◆ **What the exercise asks**
What is needed is an exact repetition of the lines from the first one in the data through the line with "16-Oz Stainless Steel", with no pictures.

◆ **Records for processing**
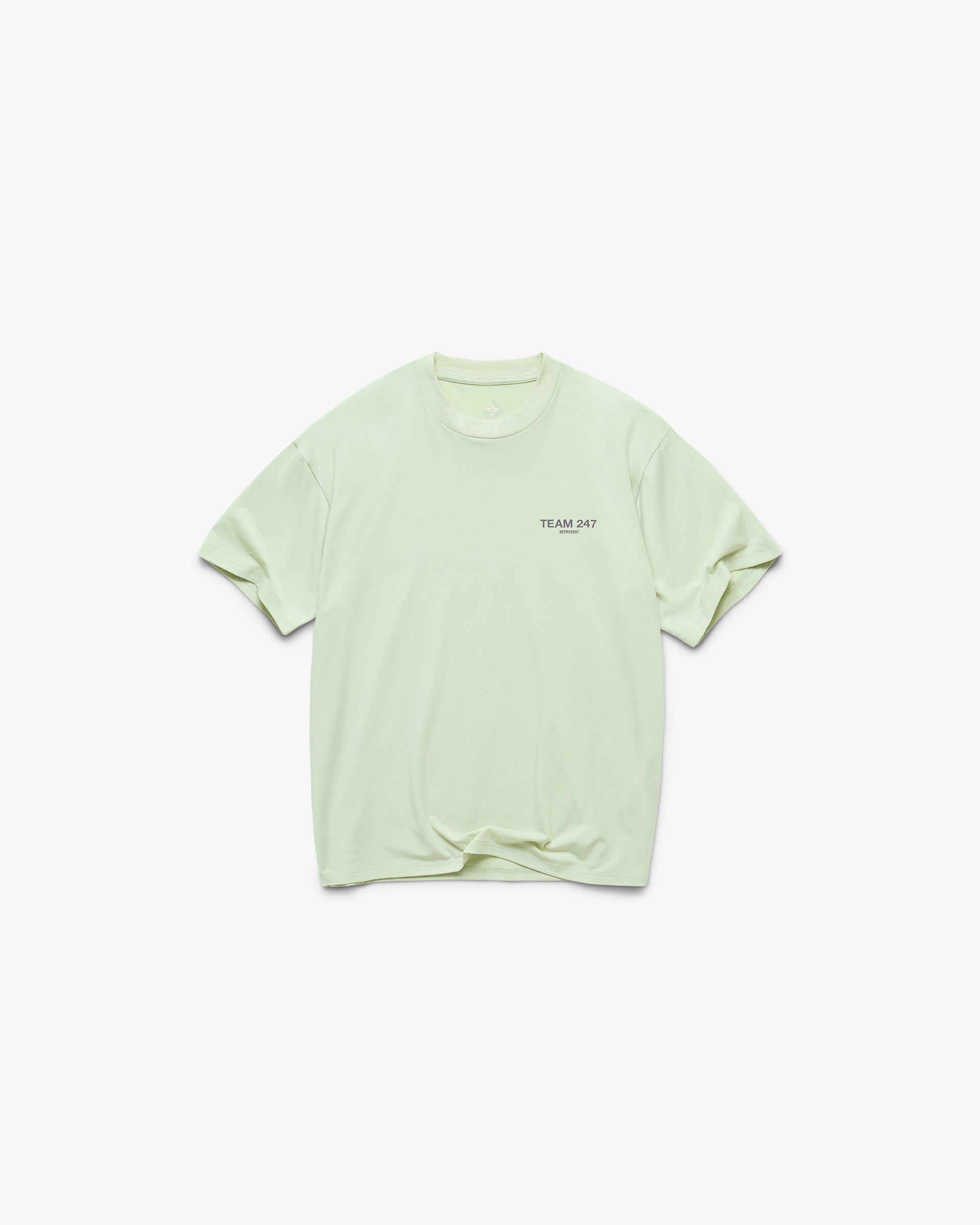 Team 247 Oversized T-Shirt - Fern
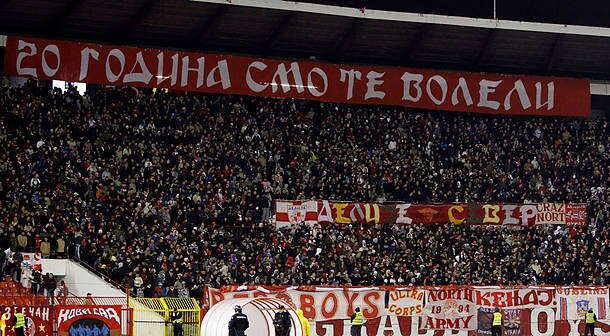 Jesenja kruna na glavama zvezdaša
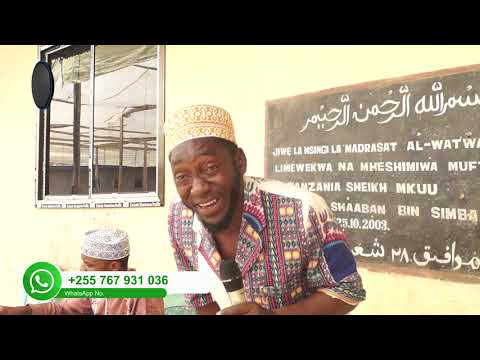 HAKI ZA MUME KWA MKE MUME ATARAJIE NINI KWA MKE WAKE SHEIKH DIMOSO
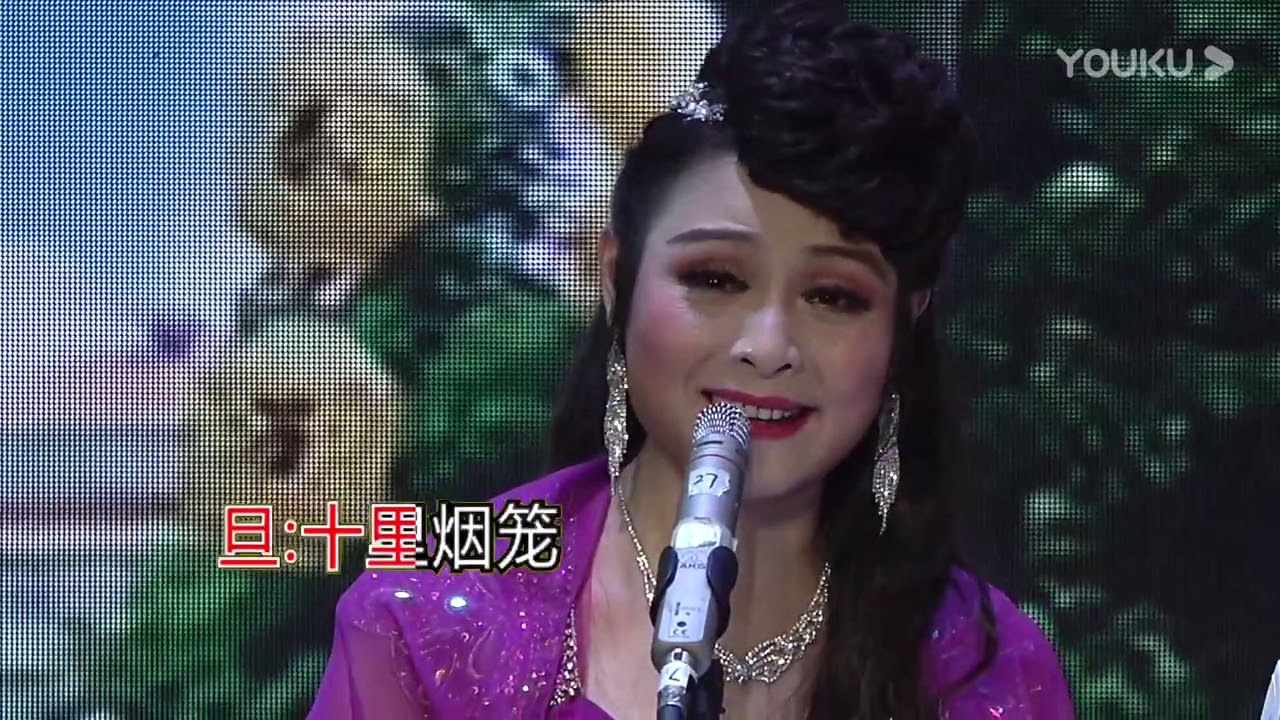 現場演唱 _ 粵曲《黄鹤楼送别》_ 廖绮 李蕙雯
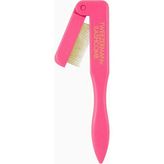 Tweezerman Folding Ilashcomb Katlanabilir Kirpik Tarağı - Pembe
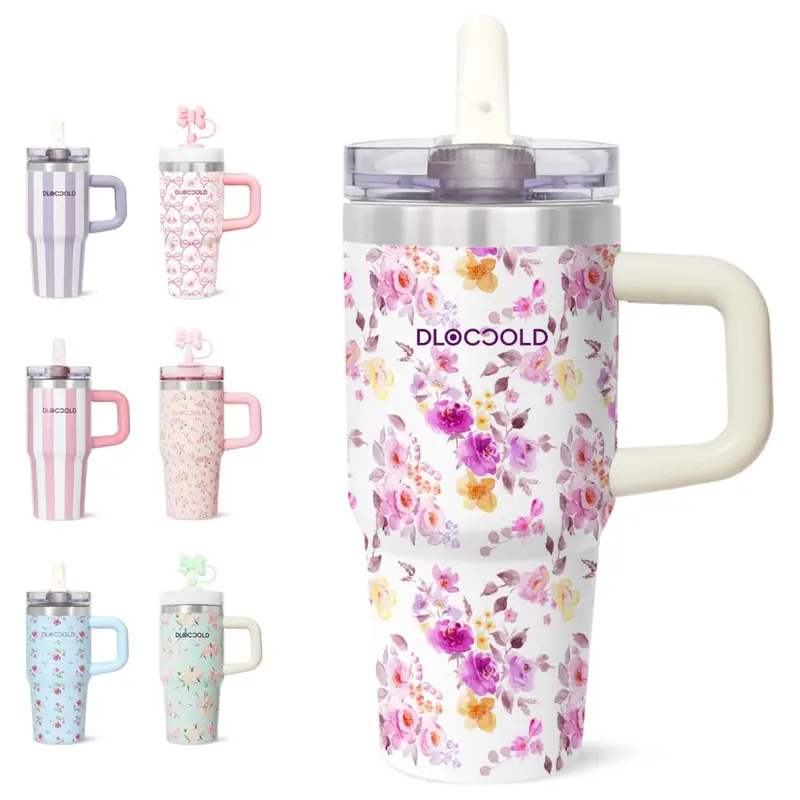 16-Oz Stainless Steel Vacuum Insulated Tumbler 1
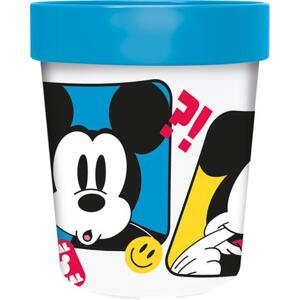 STOR Plastový kelímek MICKEY 260ml protiskluzový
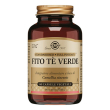 solgar fito t&egrave; verde 60 capsule integratore antiossidante a base di estratto secco di t&egrav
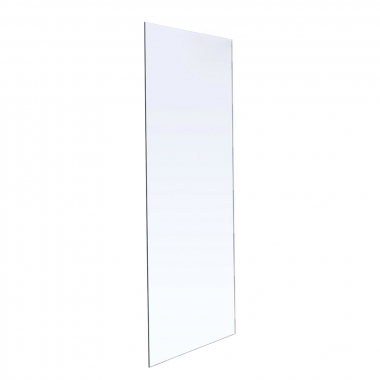 Стенка Walk-In 120*190см, каленое прозрачное стекло 8мм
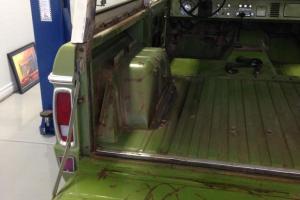 1974 Ford Bronco Ranger, All Original, Uncut Fenders, Rust Free, 200+ Photos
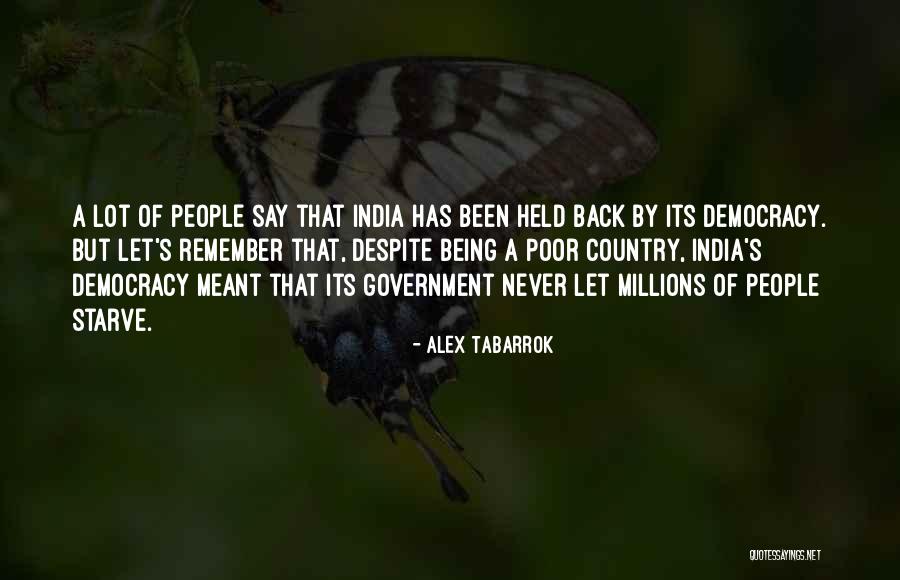 Alex Tabarrok Quotes 437192 Alex Tabarrok Quotes 437192
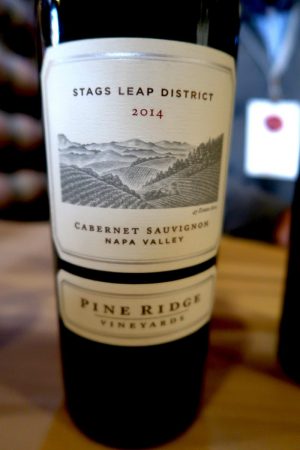 Pine Ridge Cabernet Sauvignon Stags Leap District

◆ **Answer space**
 Team 247 Oversized T-Shirt - Fern
 Jesenja kruna na glavama zvezdaša
 HAKI ZA MUME KWA MKE MUME ATARAJIE NINI KWA MKE WAKE SHEIKH DIMOSO
 現場演唱 _ 粵曲《黄鹤楼送别》_ 廖绮 李蕙雯
 Tweezerman Folding Ilashcomb Katlanabilir Kirpik Tarağı - Pembe
 16-Oz Stainless Steel Vacuum Insulated Tumbler 1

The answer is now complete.